I know. I was labeled gifted in kindergarten. And I followed the path described in the work of Stanford professor Carol Dweck. In her research on mindset, Dweck describes those of us who hold a secret and deep-seated fear of failure. I did what I thought I had to do: I studied hard, graduated at the top of my engineering class at an Ivy League University and went on to prestigious jobs.
And yet, being told I was gifted was a curse, in a sense. If I was gifted, why did I have to study twice as hard to remember things? If I was gifted, why did I not know how to be happy in my work or find work that made me happy?
By not helping our bright students understand their weaker skills, we are destroying our country’s talent and potential. By telling them they are good in everything, we turn them into imposters, afraid for the world to find out what neuroscientists already know: they aren’t good in everything. Because no one is.

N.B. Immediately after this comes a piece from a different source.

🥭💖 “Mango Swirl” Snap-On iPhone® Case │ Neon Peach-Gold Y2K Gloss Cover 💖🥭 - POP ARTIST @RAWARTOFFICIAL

Let’s free our best students of the burden of perfection in everything they do. Let’s understand them for who they really are. And let them understand themselves.
The good news is it’s possible. Researchers at the University of Pennsylvania’s Brain Behavior Lab developed an online assessment that can be taken in approximately one hour. I’ve worked to make this assessment available online, anywhere, and at an affordable cost.
In the world of complaints about over-testing, we fail to offer most of our children the one test most likely to help them. A cognitive assessment provides a liberating confirmation of how one naturally learns. It indicates innate strengths, unique and independent of our current markers of learned achievement. And it shows where students are most likely to struggle.
Our students shouldn’t be striving for perfection in everything. Cognitive assessments can rescue students from the burden of the perfection, freeing them to explore their true strengths and passions. Grant these children permission to acknowledge their frailties. Celebrate them for who they truly are: a person of great strengths with understandable weaknesses.